Une instruction qui devrait «prochainement aboutir sur une prise de position du service de lutte contre la criminalité financière du parquet de Toulouse, qui a suivi toutes les opérations dans ce dossier», afin de déterminer si les poursuites devront continuer ou non, explique le ministère public.
La direction dénonce une enquête «à charge»
Dans un communiqué de presse relayé par Médiacités, les frères Baylet affirment que «cette enquête, engagée depuis près de trois ans, se distingue par son caractère à charge, son absence totale de dialogue contradictoire et des méthodes que nous jugeons attentatoires à la liberté de la presse». «Nous dénonçons avec force cette stratégie de pression judiciaire, qui s’apparente à une volonté manifeste d’intimider notre rédaction et de fragiliser l’indépendance de notre média. Nous dénonçons cet acharnement disproportionné dont l’objectif semble moins relever de la manifestation de la vérité que d’une tentative d’intimidation», poursuivent-ils.

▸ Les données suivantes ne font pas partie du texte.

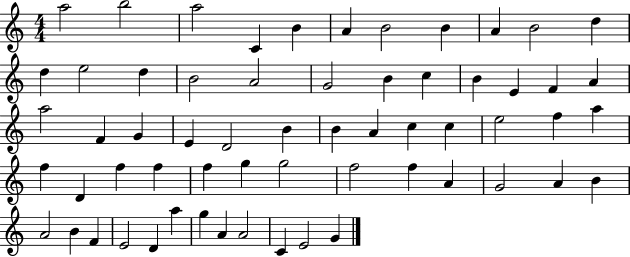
{
  \clef treble
  \numericTimeSignature
  \time 4/4
  \key c \major
  a''2 b''2 | a''2 c'4 b'4 | a'4 b'2 b'4 | a'4 b'2 d''4 | \break d''4 e''2 d''4 | b'2 a'2 | g'2 b'4 c''4 | b'4 e'4 f'4 a'4 | \break a''2 f'4 g'4 | e'4 d'2 b'4 | b'4 a'4 c''4 c''4 | e''2 f''4 a''4 | \break f''4 d'4 f''4 f''4 | f''4 g''4 g''2 | f''2 f''4 a'4 | g'2 a'4 b'4 | \break a'2 b'4 f'4 | e'2 d'4 a''4 | g''4 a'4 a'2 | c'4 e'2 g'4 | \break \bar "|."
}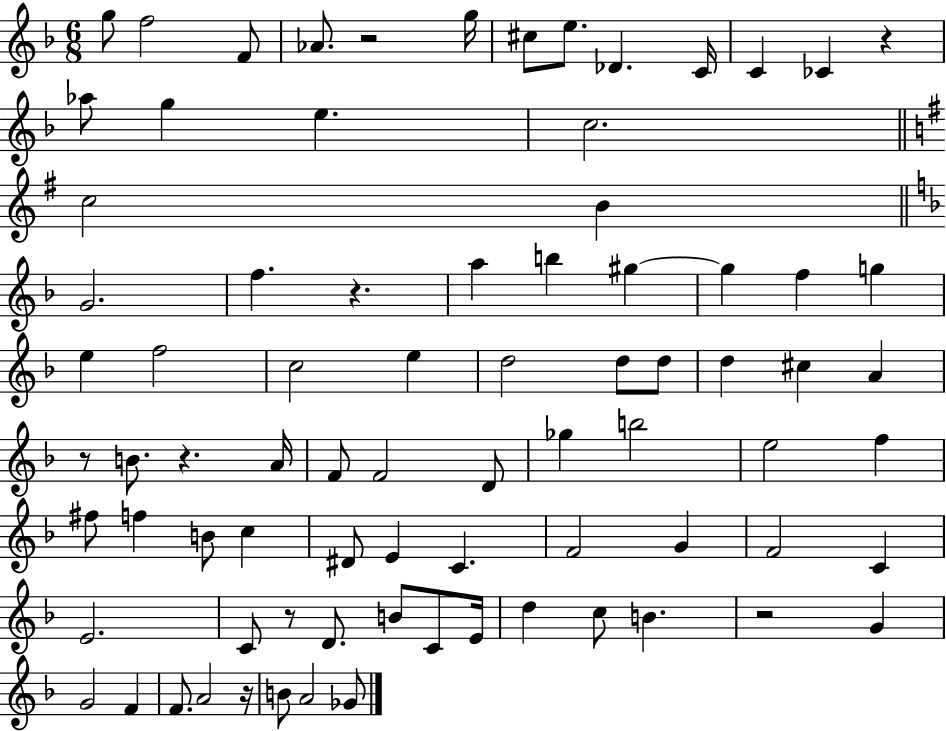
G5/e F5/h F4/e Ab4/e. R/h G5/s C#5/e E5/e. Db4/q. C4/s C4/q CES4/q R/q Ab5/e G5/q E5/q. C5/h. C5/h B4/q G4/h. F5/q. R/q. A5/q B5/q G#5/q G#5/q F5/q G5/q E5/q F5/h C5/h E5/q D5/h D5/e D5/e D5/q C#5/q A4/q R/e B4/e. R/q. A4/s F4/e F4/h D4/e Gb5/q B5/h E5/h F5/q F#5/e F5/q B4/e C5/q D#4/e E4/q C4/q. F4/h G4/q F4/h C4/q E4/h. C4/e R/e D4/e. B4/e C4/e E4/s D5/q C5/e B4/q. R/h G4/q G4/h F4/q F4/e. A4/h R/s B4/e A4/h Gb4/e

L’enquête avait débuté lors d’un contrôle en 2022 de ce groupe de presse, possédé par le patriarche familial et ancien ministre Jean-Michel Baylet, à l’initiative de l’inspection du travail d’Occitanie. Une perquisition avait ensuite été réalisée dans les locaux du journal en octobre 2024. Les deux dirigeants estiment que cette perquisition «surprise» avait pour but «de pénétrer nos systèmes de communication, malgré notre statut de média protégé par le secret des sources, et constitue une dérive grave et inquiétante. Nous avons donc, en toute responsabilité, refusé cet accès», ont-ils écrit.
Les contrats de La Dépêche News pointés du doigt
Au cœur de l’affaire, la filiale La Dépêche News. Cette agence de presse, créée en 2002 et présidée par Jean-Benoît Baylet, est accusée de permettre au groupe d’embaucher des journalistes avec un statut low-cost et de contourner la convention collective de la profession. Selon Médiacités, elle avait pour objectif au départ de créer du contenu pour TF1, la chaîne locale Via Occitanie et le site internet de la Dépêche. Mais depuis 2017, une cinquantaine de journalistes du titre de presse seraient employés par un contrat La Dépêche News afin de réaliser le même travail que leurs collègues.
Le 29 janvier dernier, la Cour de cassation avait rejeté le pourvoi de la direction du groupe de presse en reconnaissant définitivement la situation de co-emploi et le travail dissimulé imposé à une ancienne journaliste qui était employé à travers cette agence de presse. Elle touchait un salaire inférieur de 30 % à celui de ses collègues et ne bénéficiait pas des RTT. La Dépêche avait été condamné à lui verser 100 000 euros. Malgré cette condamnation, le syndicat de journalistes SNJ accuse la direction de continuer de passer par La Dépêche News lors de l’embauche de nouveaux journalistes.